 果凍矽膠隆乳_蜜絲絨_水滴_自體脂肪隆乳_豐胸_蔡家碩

...

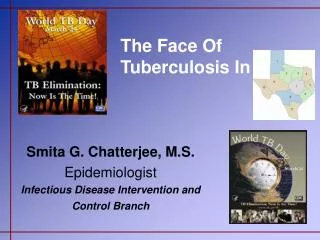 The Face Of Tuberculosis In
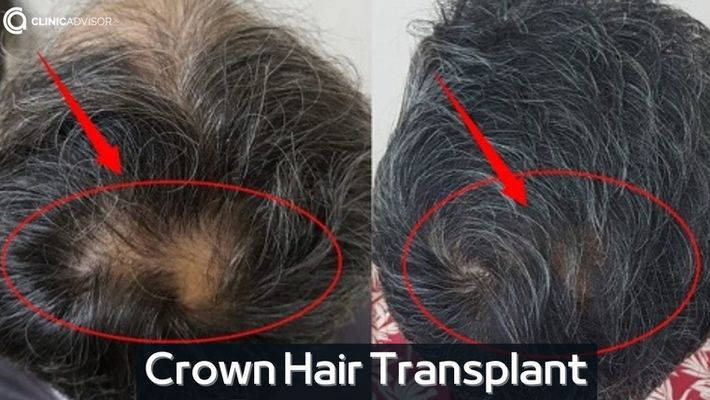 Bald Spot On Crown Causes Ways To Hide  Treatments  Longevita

* * *

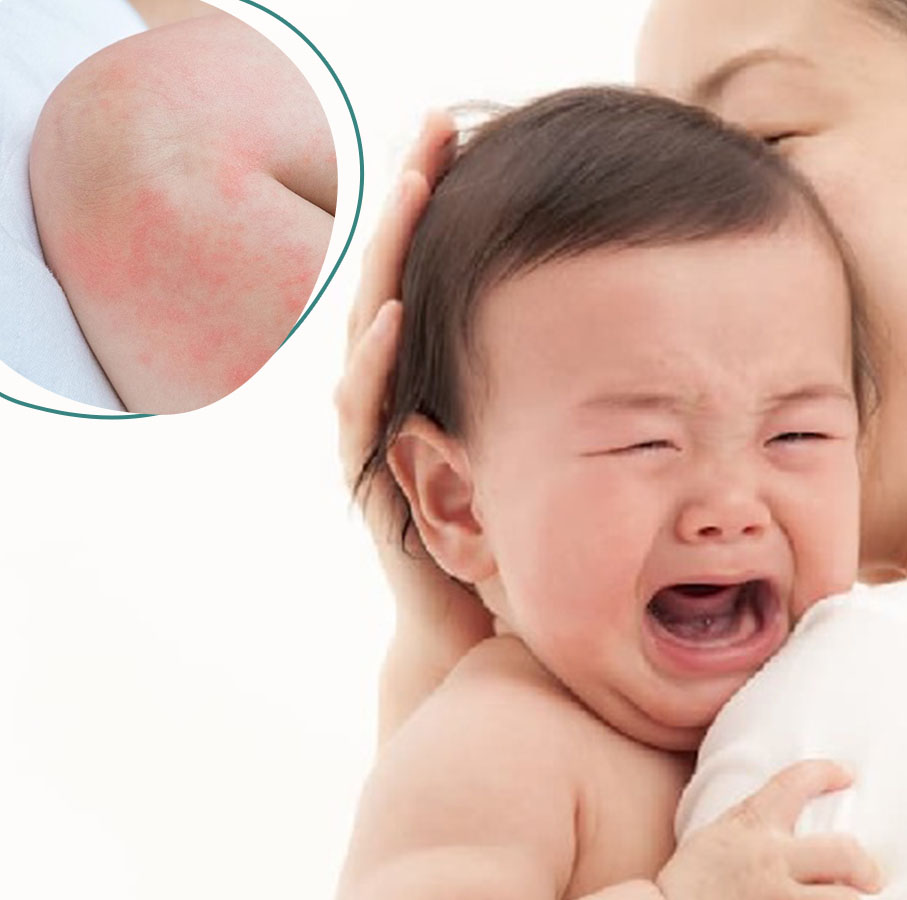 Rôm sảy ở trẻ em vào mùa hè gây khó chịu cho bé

» **ACTION ITEM**
Pictures aside, return exactly the lines from the data above, starting at the line that has "The Face Of Tuberculosis In" and ending at the line that has "Bald Spot On", both included.

» **RESPONSE BELOW**
 The Face Of Tuberculosis In
 Bald Spot On Crown Causes Ways To Hide  Treatments  Longevita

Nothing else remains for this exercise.